Brief descriptive captions:
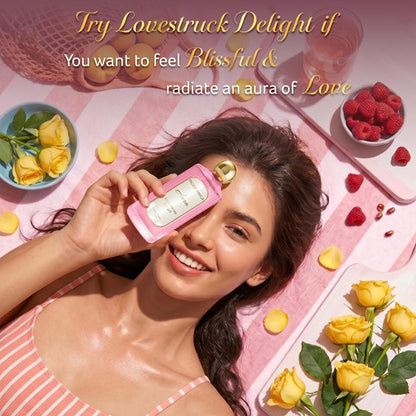 Faces Canada Aura Lovestruck Delight Eau De Parfum For Women, 100 ml – Fruity Floral Long Lasting Perfume Upto 8 Hrs - image 4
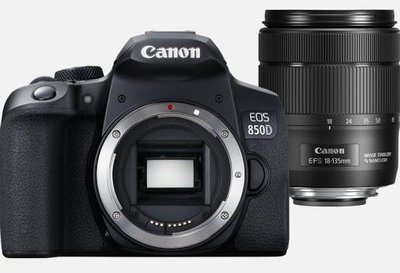 Фотоапарат Canon EOS 850D kit 18-135 IS nano USM Black (3925C021) - Suricom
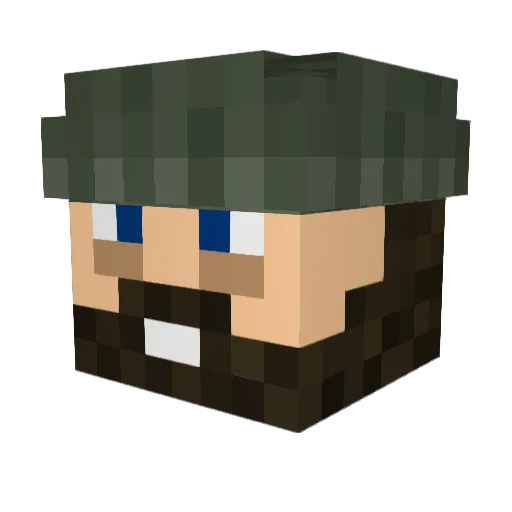 StrictlyMeme Minecraft avatar head, 3D render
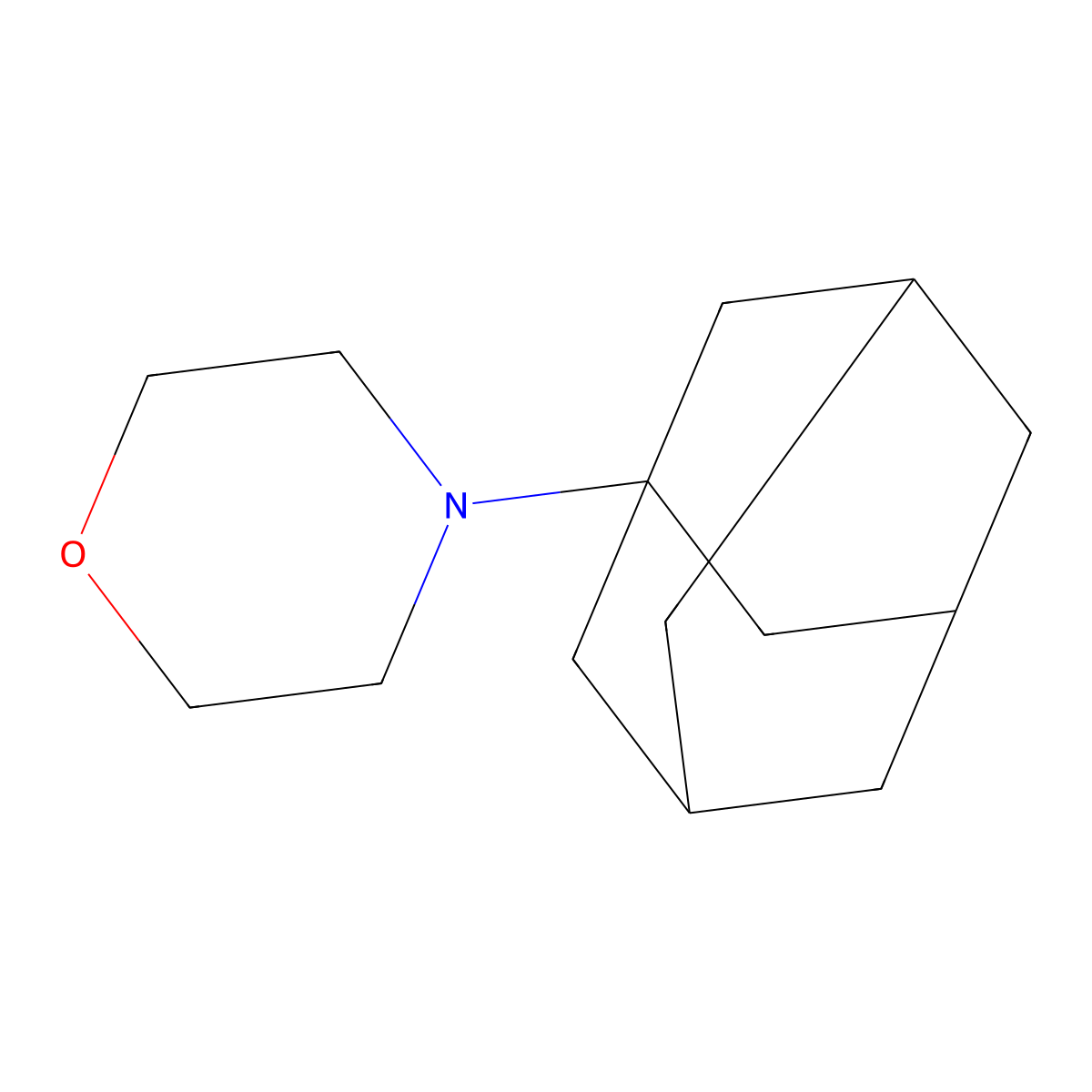 Morpholine, 1-(1-adamantyl)- molecular structure, CAS 35702-67-1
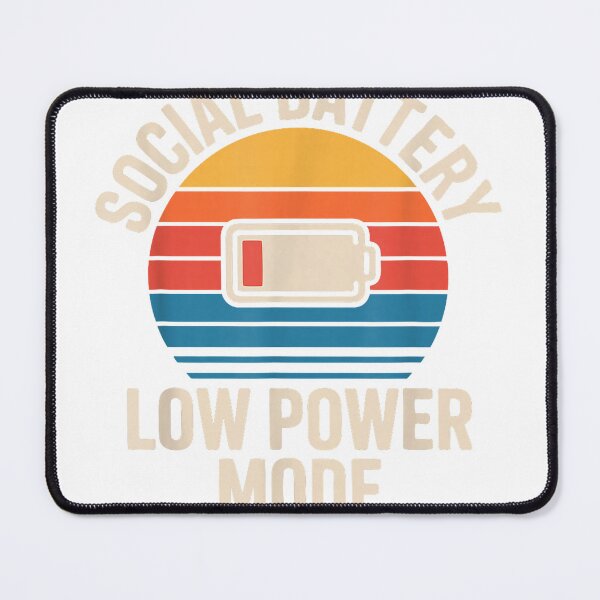 Item preview, Funny Social Battery Low Power Mode Retro T-Shirt designed and sold by kevincuellar.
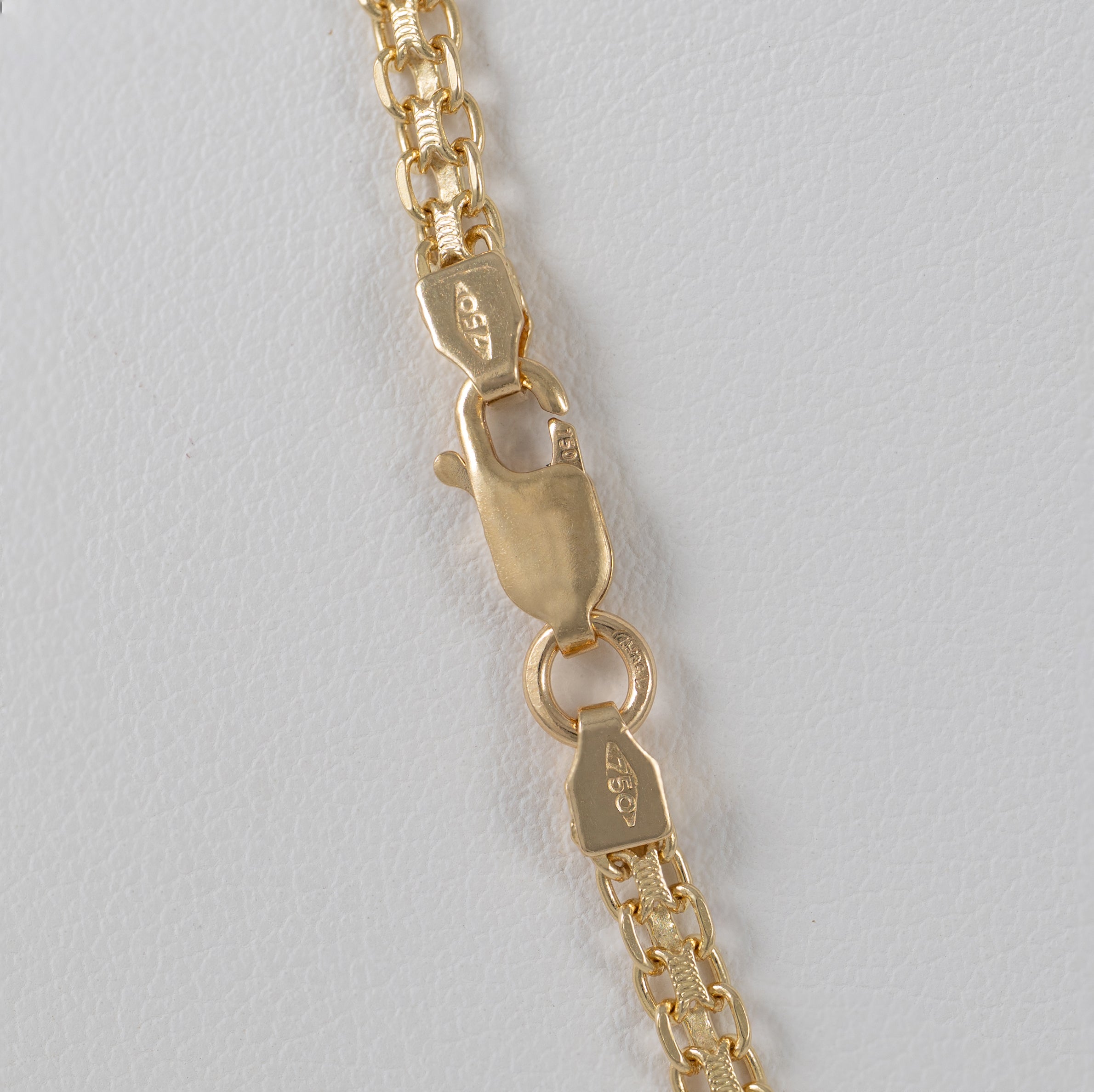 Cadena bismark oro 18k 750 60cm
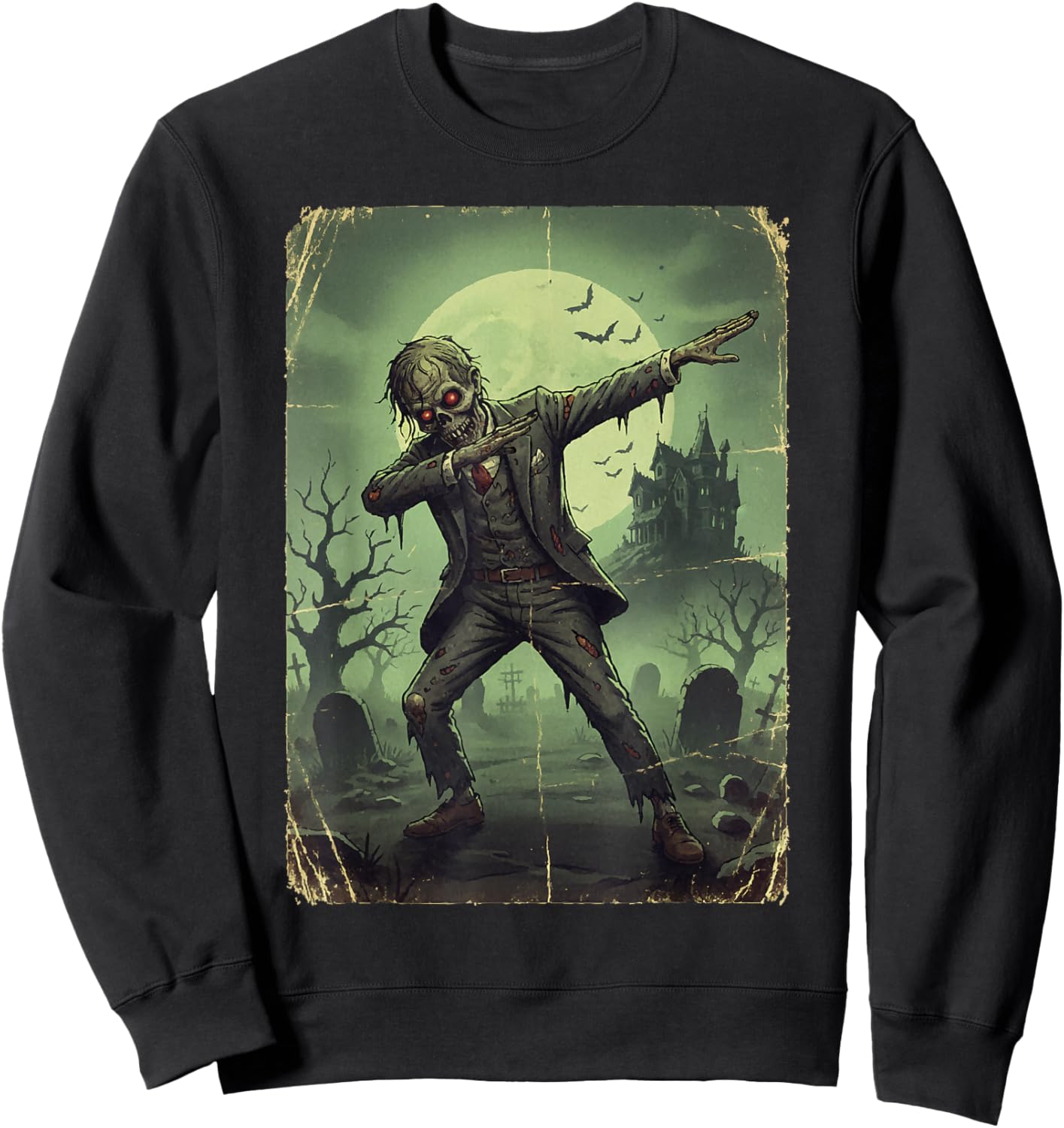 Dabender Zombie Horror Look Dark Sweatshirt - Sweatshirt | Black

§ **ASSIGNMENT**
Give again, word for word, only the lines from the one with "Cadena bismark oro 18k 750 60cm" through the last line of the entries, both included; no pictures go in the copy.

§ **ANSWER TO THIS TASK**
 Cadena bismark oro 18k 750 60cm
 Dabender Zombie Horror Look Dark Sweatshirt - Sweatshirt | Black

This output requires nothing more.